Understanding Hinton’s Capsule Networks. Part IV: CapsNet Architecture

Part of Understanding Hinton’s Capsule Networks Series:

Part I: Intuition
Part II: How Capsules Work
Part III: Dynamic Routing Between Capsules
Part IV: CapsNet Architecture (you are reading it now)


Quick announcement about our new publication AI³. We are getting the best writers together to talk about the Theory, Practice, and Business of AI and machine learning. Follow it to stay up to date on the latest trends.


Introduction

In this part, I will walk through the architecture of the CapsNet. I will also offer my shot at calculating the number of trainable parameters in the CapsNet. My resulting number is around 8.2 million of trainable parameters which is different from the 11.36 officially referred to in the paper. The paper itself is not very detailed and hence it leaves some open questions about specifics of the network implementation that are as of today still unanswered because the authors did not provide their code. Nonetheless, I still think that counting parameters in a network is a good exercise for purely learning purposes as it allows one to practice understanding of all building blocks of a particular architecture.

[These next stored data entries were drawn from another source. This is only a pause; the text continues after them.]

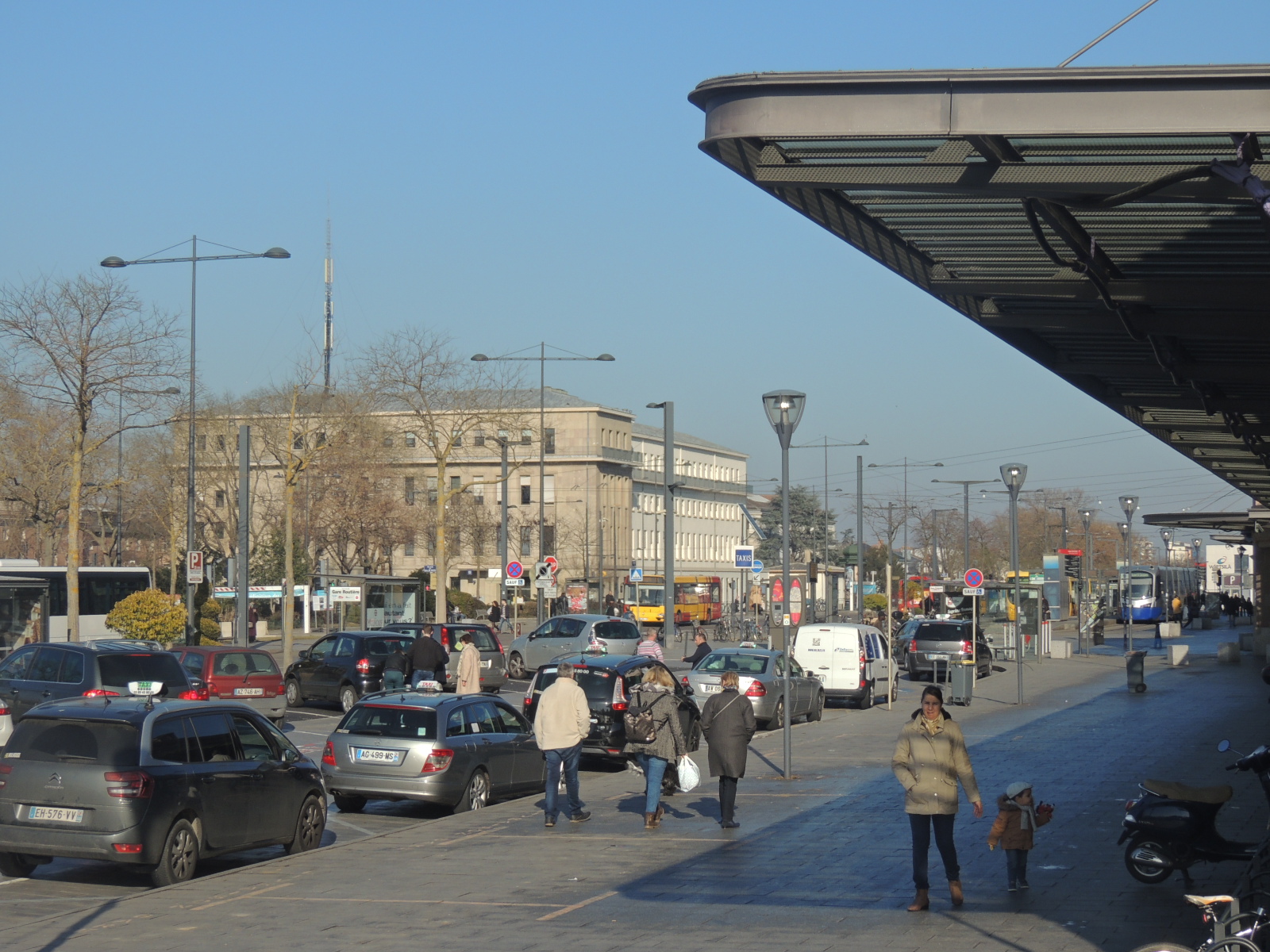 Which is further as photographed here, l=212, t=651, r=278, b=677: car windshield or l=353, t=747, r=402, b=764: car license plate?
l=212, t=651, r=278, b=677: car windshield

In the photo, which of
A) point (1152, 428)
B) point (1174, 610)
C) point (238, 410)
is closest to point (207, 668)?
point (1152, 428)

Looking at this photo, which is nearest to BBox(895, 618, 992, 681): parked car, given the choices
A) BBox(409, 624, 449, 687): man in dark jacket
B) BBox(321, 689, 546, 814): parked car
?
BBox(409, 624, 449, 687): man in dark jacket

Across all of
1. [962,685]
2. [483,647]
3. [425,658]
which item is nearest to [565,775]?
[425,658]

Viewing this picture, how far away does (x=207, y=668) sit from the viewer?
26.0 meters

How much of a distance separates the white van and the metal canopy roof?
1478 centimetres

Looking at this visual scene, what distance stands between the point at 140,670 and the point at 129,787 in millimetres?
11118

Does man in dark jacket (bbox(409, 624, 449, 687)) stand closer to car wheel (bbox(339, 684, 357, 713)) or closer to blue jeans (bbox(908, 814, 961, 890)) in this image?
car wheel (bbox(339, 684, 357, 713))

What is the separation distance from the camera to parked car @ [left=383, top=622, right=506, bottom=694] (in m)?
33.6

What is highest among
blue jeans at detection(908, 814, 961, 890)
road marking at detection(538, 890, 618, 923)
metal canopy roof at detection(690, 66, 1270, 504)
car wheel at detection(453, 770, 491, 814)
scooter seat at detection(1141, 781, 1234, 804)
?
metal canopy roof at detection(690, 66, 1270, 504)

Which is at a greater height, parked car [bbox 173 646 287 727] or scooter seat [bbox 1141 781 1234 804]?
scooter seat [bbox 1141 781 1234 804]

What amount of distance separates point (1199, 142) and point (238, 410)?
65.5 m

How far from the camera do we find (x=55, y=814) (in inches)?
470

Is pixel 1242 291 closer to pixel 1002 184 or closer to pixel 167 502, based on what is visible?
pixel 1002 184

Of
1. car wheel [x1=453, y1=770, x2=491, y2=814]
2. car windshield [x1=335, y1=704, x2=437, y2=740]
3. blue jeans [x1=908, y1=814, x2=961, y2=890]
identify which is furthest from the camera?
car wheel [x1=453, y1=770, x2=491, y2=814] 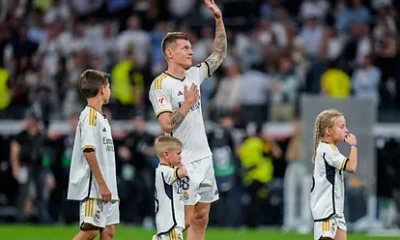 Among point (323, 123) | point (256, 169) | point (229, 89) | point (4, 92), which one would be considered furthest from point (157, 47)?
point (323, 123)

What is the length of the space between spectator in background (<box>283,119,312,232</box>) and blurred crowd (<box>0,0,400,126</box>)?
109 cm

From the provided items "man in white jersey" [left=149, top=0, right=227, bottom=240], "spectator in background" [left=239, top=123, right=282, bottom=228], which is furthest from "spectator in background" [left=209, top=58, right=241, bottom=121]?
"man in white jersey" [left=149, top=0, right=227, bottom=240]

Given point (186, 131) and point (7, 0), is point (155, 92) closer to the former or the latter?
point (186, 131)

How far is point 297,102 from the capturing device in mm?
23672

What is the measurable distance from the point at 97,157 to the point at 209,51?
12714 mm

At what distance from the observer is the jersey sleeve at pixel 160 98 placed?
12781 millimetres

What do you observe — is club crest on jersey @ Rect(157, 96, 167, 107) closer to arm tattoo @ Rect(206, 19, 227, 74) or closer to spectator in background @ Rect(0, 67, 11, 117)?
arm tattoo @ Rect(206, 19, 227, 74)

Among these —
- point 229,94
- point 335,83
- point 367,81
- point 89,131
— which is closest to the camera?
point 89,131

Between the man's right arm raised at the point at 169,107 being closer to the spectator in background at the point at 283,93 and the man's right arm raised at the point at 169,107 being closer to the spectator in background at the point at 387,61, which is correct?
the spectator in background at the point at 283,93

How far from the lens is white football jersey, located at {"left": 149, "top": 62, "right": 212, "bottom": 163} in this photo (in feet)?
42.4

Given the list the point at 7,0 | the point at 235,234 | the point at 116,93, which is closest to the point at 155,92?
the point at 235,234

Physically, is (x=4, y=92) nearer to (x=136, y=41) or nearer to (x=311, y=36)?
(x=136, y=41)

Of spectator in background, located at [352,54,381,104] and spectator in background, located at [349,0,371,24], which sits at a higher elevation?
spectator in background, located at [349,0,371,24]

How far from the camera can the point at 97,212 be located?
41.9ft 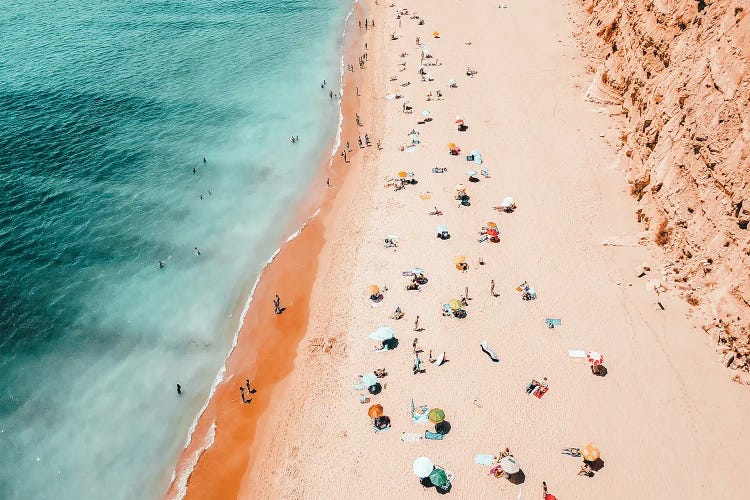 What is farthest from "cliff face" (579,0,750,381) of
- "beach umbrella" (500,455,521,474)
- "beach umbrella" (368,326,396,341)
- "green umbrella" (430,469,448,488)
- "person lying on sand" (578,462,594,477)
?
"beach umbrella" (368,326,396,341)

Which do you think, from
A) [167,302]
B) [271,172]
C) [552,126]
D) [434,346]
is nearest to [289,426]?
[434,346]

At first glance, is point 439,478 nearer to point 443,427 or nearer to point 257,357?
point 443,427

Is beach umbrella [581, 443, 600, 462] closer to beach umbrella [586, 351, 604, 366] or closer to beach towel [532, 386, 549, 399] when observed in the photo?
beach towel [532, 386, 549, 399]

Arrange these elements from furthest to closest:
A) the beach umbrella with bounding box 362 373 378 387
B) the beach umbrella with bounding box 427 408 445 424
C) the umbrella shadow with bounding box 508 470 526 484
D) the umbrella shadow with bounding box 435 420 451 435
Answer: the beach umbrella with bounding box 362 373 378 387 → the umbrella shadow with bounding box 435 420 451 435 → the beach umbrella with bounding box 427 408 445 424 → the umbrella shadow with bounding box 508 470 526 484

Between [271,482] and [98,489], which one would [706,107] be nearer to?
[271,482]

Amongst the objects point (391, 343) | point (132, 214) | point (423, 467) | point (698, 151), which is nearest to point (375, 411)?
point (423, 467)

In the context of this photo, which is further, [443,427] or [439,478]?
[443,427] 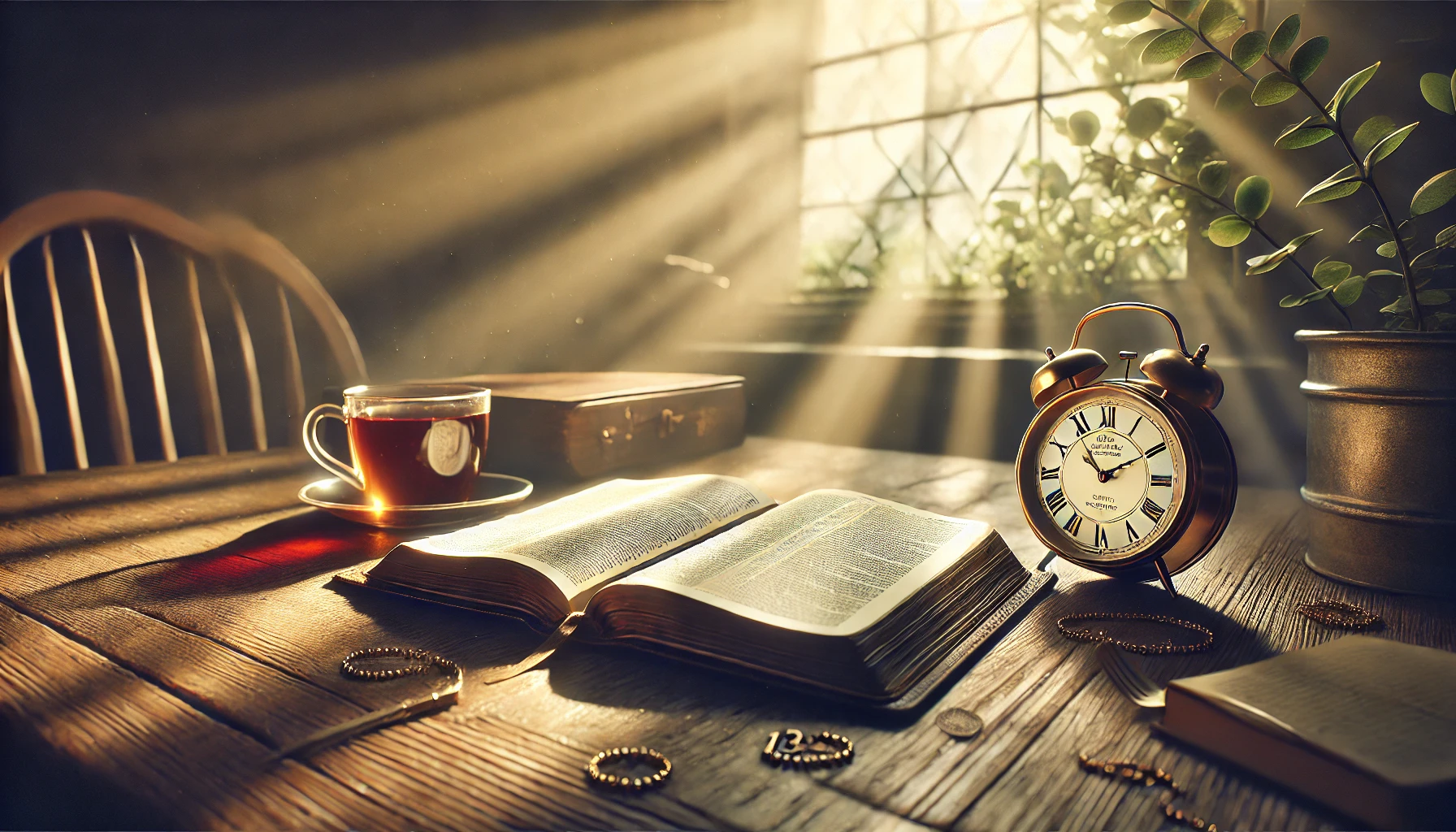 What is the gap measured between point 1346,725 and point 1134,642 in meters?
0.21

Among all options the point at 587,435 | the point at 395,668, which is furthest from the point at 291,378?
the point at 395,668

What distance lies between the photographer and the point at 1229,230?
80 centimetres

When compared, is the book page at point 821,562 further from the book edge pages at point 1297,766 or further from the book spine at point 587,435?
the book spine at point 587,435

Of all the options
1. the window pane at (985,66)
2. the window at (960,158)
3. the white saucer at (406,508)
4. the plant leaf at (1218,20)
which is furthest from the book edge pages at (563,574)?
the window pane at (985,66)

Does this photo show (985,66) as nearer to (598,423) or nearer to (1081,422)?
(598,423)

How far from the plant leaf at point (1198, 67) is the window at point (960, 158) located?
1.20 metres

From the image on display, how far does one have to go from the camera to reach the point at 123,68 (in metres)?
1.66

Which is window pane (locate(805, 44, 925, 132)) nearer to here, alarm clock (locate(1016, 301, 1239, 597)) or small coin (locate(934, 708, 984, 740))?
alarm clock (locate(1016, 301, 1239, 597))

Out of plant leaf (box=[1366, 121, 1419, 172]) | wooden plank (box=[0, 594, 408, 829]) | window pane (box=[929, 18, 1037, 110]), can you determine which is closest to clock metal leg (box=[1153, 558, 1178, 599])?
plant leaf (box=[1366, 121, 1419, 172])

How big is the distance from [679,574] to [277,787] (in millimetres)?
276

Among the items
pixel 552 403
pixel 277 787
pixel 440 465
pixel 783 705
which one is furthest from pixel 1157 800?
pixel 552 403

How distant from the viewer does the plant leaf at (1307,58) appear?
2.32 feet

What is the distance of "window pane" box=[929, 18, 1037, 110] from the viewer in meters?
2.43

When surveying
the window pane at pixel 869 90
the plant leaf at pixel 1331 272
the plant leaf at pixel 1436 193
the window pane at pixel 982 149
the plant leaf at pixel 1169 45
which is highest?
the window pane at pixel 869 90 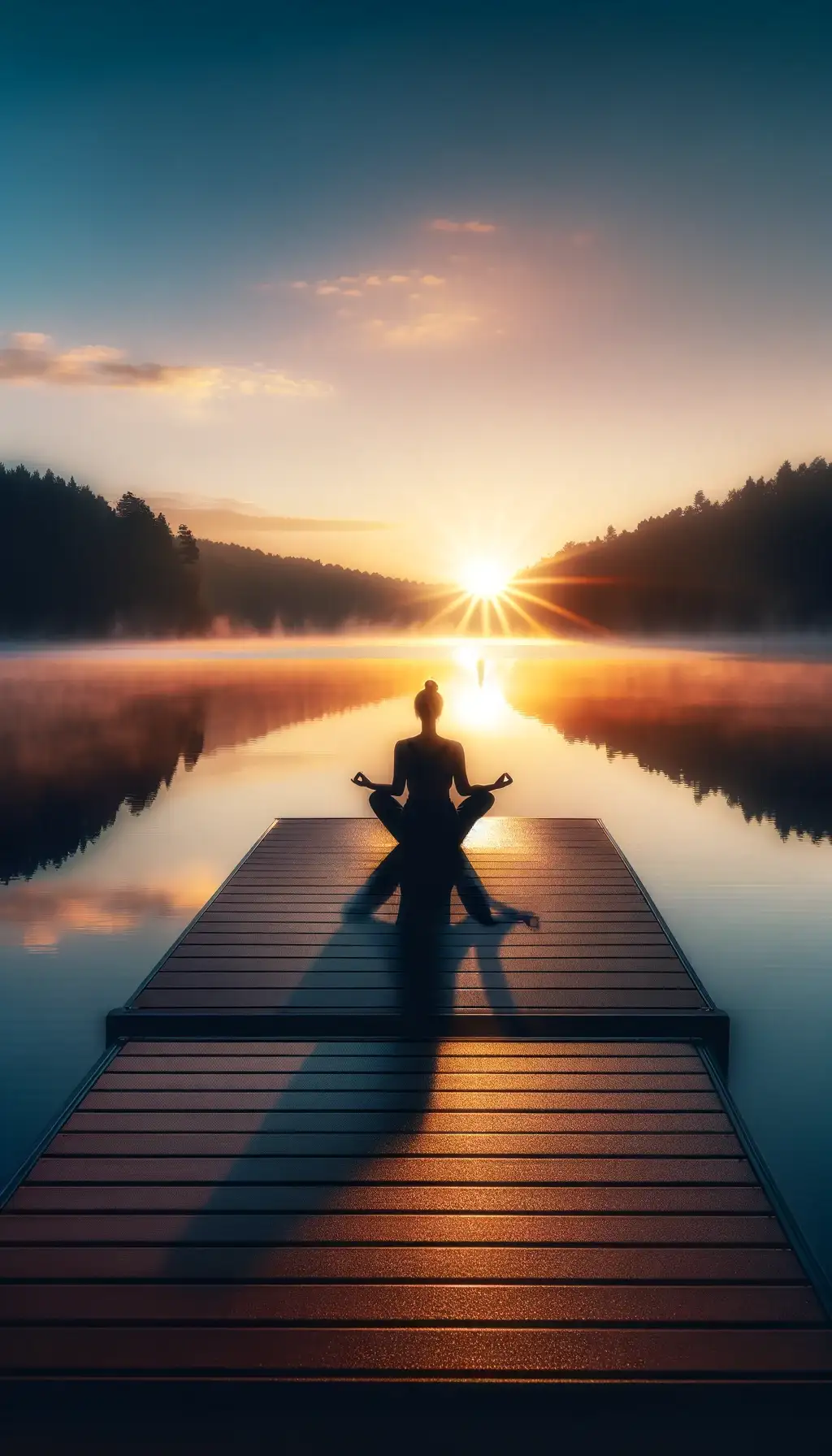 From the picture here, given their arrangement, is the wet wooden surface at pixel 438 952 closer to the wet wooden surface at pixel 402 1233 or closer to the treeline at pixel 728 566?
the wet wooden surface at pixel 402 1233

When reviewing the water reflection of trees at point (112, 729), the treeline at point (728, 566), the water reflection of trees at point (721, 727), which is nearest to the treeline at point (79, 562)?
the water reflection of trees at point (112, 729)

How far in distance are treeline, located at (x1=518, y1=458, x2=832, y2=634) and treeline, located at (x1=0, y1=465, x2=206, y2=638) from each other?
65237mm

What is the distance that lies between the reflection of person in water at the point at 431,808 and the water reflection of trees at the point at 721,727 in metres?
10.1

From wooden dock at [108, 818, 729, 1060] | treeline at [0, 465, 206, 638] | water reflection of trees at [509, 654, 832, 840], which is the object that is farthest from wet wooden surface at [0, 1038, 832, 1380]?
treeline at [0, 465, 206, 638]

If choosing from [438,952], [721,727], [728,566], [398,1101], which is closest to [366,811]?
[438,952]

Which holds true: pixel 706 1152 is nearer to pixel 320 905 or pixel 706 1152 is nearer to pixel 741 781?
pixel 320 905

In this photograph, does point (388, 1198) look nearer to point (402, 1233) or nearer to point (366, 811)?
point (402, 1233)

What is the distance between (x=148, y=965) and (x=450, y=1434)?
7.15 m

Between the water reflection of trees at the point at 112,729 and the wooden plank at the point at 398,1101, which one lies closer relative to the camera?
the wooden plank at the point at 398,1101

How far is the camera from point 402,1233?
143 inches

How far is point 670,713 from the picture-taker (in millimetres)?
37688

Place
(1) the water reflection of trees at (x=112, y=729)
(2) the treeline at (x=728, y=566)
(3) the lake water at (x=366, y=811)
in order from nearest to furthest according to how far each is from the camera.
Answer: (3) the lake water at (x=366, y=811)
(1) the water reflection of trees at (x=112, y=729)
(2) the treeline at (x=728, y=566)

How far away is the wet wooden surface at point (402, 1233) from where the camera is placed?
10.0 ft

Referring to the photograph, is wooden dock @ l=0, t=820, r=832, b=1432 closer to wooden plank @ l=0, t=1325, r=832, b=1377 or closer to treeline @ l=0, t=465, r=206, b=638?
wooden plank @ l=0, t=1325, r=832, b=1377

The CapsNet has 2 parts: encoder and decoder. The first 3 layers are encoder, and the second 3 are decoder:

Layer 1. Convolutional layer
Layer 2. PrimaryCaps layer
Layer 3. DigitCaps layer
Layer 4. Fully connected #1
Layer 5. Fully connected #2
Layer 6. Fully connected #3

Part I. Encoder.

CapsNet encoder architecture. Source: original paper.

Encoder part of the network takes as input a 28 by 28 MNIST digit image and learns to encode it into a 16-dimensional vector of instantiation parameters (as explained in the previous posts of this series), this is where the capsules do their job. The output of the network during prediction is a 10-dimensional vectors of lengths of DigitCaps’ outputs. The decoder has 3 layers: two of them are convolutional and the last one is fully connected.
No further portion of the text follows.